What the exercise asks: In the copy of the lines below, leave out pictures and print everything else exactly.

Given information:
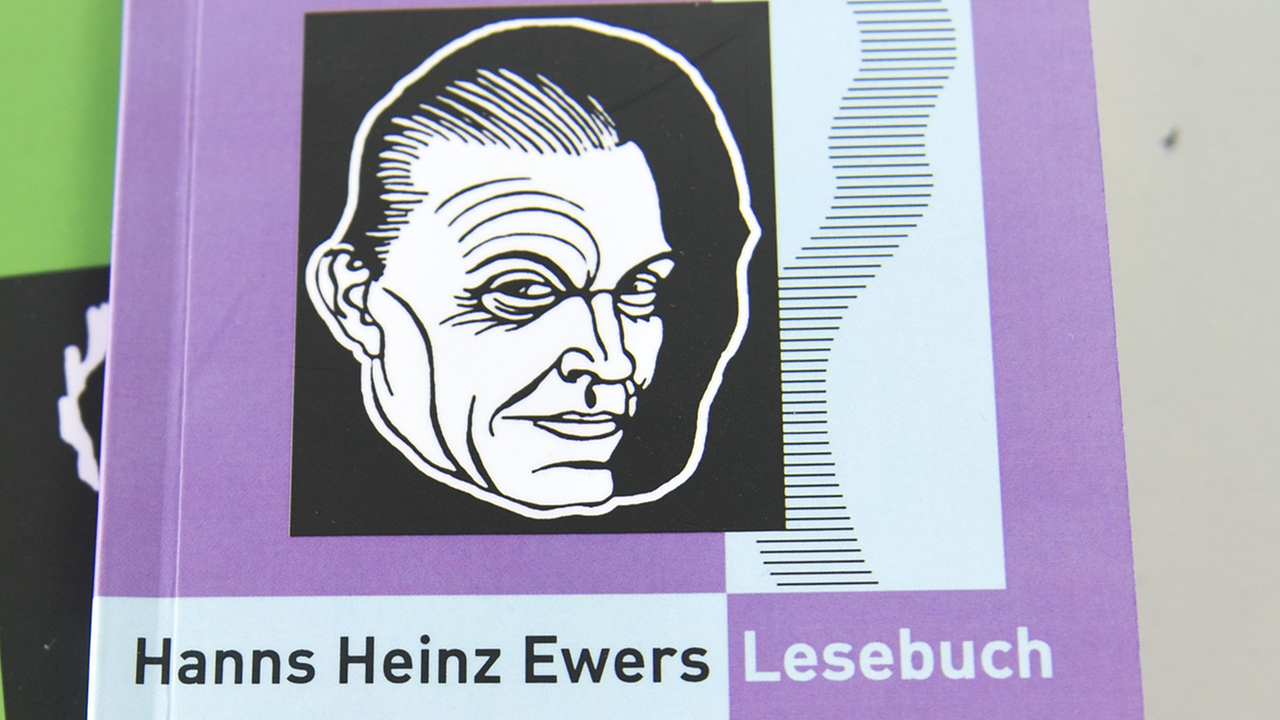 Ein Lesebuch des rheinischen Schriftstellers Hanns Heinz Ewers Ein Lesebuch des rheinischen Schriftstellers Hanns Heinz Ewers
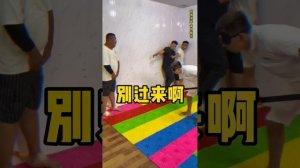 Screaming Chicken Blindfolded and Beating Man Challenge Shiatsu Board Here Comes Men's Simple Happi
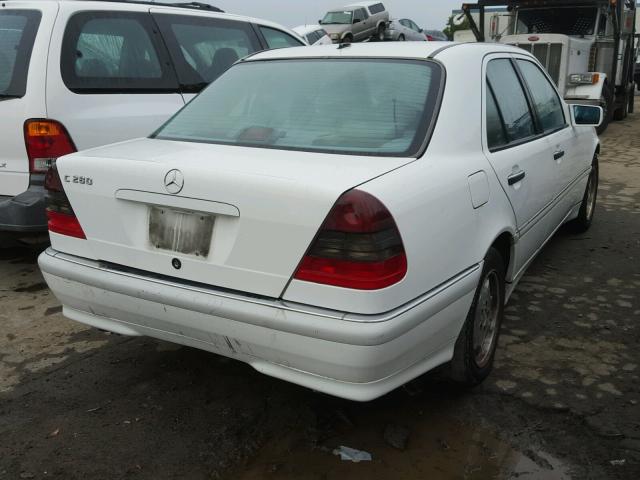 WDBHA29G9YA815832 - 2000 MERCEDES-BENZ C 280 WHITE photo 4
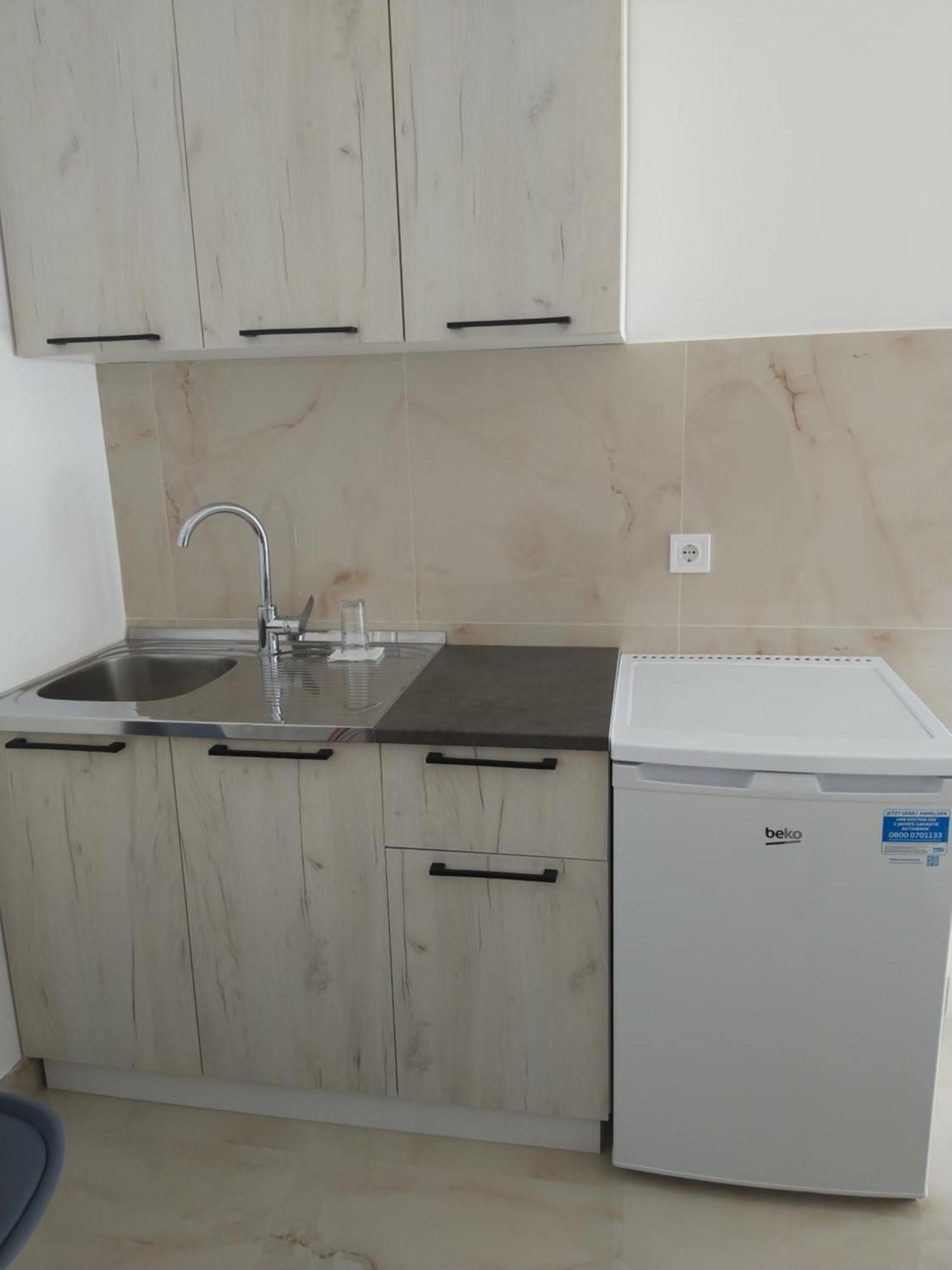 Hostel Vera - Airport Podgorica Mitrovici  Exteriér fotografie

Response:
 Ein Lesebuch des rheinischen Schriftstellers Hanns Heinz Ewers Ein Lesebuch des rheinischen Schriftstellers Hanns Heinz Ewers
 Screaming Chicken Blindfolded and Beating Man Challenge Shiatsu Board Here Comes Men's Simple Happi
 WDBHA29G9YA815832 - 2000 MERCEDES-BENZ C 280 WHITE photo 4
 Hostel Vera - Airport Podgorica Mitrovici  Exteriér fotografie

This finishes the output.